Currently in Galactic Civilizations it appears that you, when you invade a planet and conquer it successfully, simply eradicate the population down to last man and your soldiers become the appropriate colonists. Although it doesn't technically state that you've wiped them all out the way your remaining number of soldiers suddenly vanish and are replaced by surviving colonists of the exact same number heavily implies it.

This is certainly one way to do things but is, currently, the only way. I think this is bad when it opens up such a wonderfully large realm of possibilities while adding very little 'work' to the game as far as the player is concerned.

I think it would be interesting if, once a planet has been successfully pacified (that is, the number of your soldiers considerably outnumbers the native survivors), you could choose to allow them to live. This is something I could see the Terrans doing rather often, the Altarians, the Torians, the list goes on.

Moreover, Galactic Civilizations already has a precedent for this distinction: The very root of the Drengin versus Korath conflict. That is, slavery versus extermination.

Give us that choice.

Doing so would allow endless new possibilities. To list a few: Putting other racial bonuses to use (Terrans fielding Drengin Shock Troopers? Yes please!), the idea of assimilating aliens into your culture (perhaps the speed is governed by your cultural influence and other factors), possible rebellions should unassimilated native populations grow too large, an additional means of building and reinforcing Ideology (extermination, slavery, freedom), opening up the ability to liberate conquered populations of allies (for a MAJOR relationship boost since you could have just taken the planet), and the list goes on. That was just off the top of my head.

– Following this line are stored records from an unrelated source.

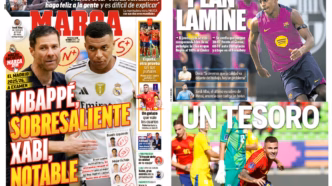 capas esportivas 8 outubro 2025 — foto ilustrativa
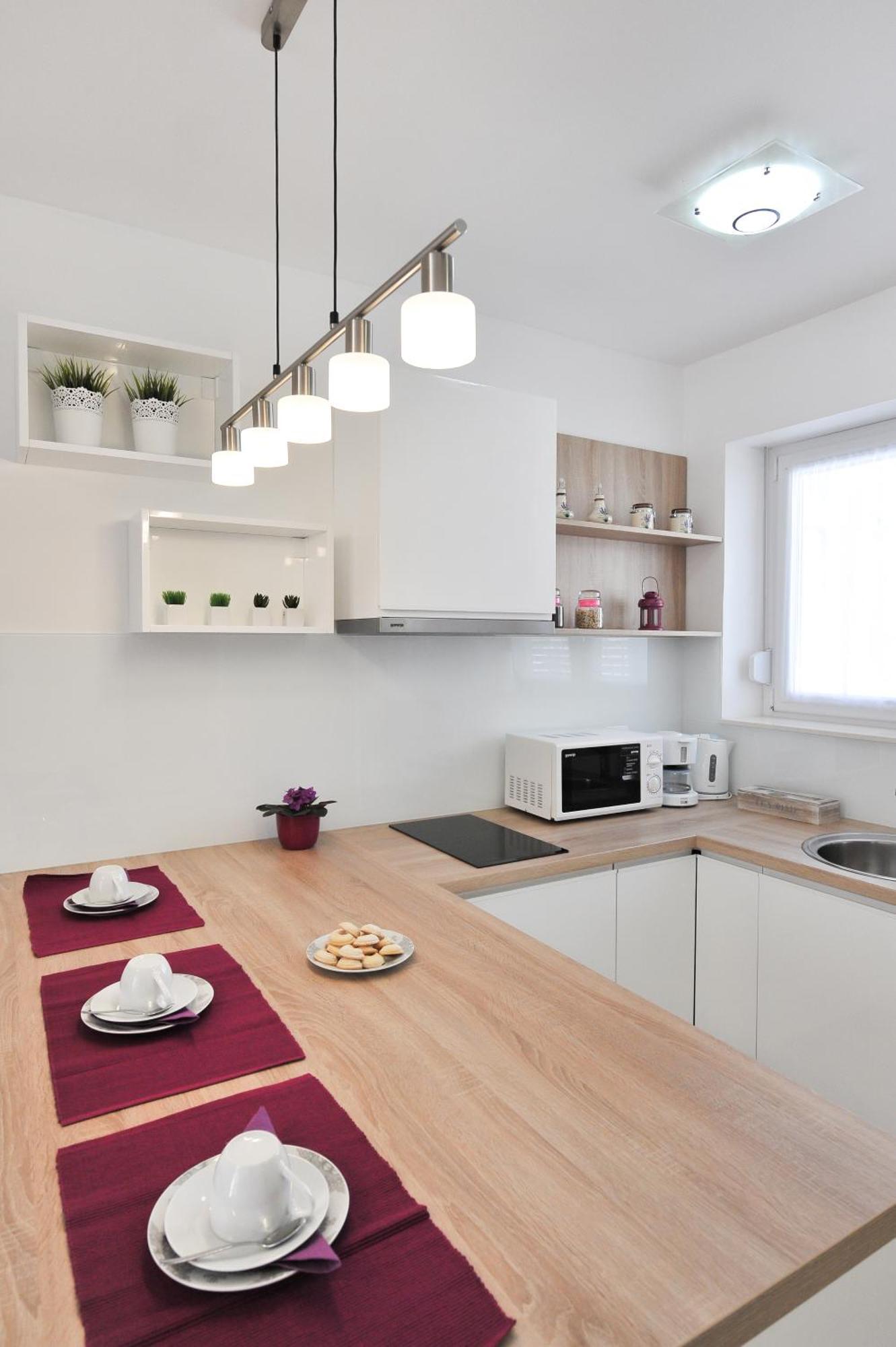 Luka Residence Apartments ซาดาร์ ภายนอก รูปภาพ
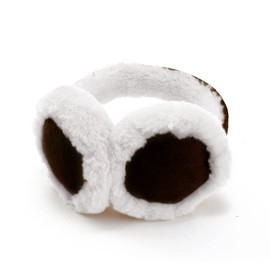 Aurya Ear Muffs - Classic Unisex Ear Warmer Winter Outdoor Earmuffs for Women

One more that I think I should mention is also quite possibly the biggest: The satisfaction of the players being able to do as they please with their defeated foes. Whether they want the sweet taste of vaporizing Drengin families for daring to start or war or maybe find great pleasure in bringing the Altarians under heel, they get to choose. No ambiguity.

I feel as though this approach works very well on two of the biggest fronts: It complements existing game mechanics by making a relatively small one and strongly complements existing canon, bringing more of the world of Galactic Civilizations from words to life in the actual game.

I'd certainly have no shortage of fun with this.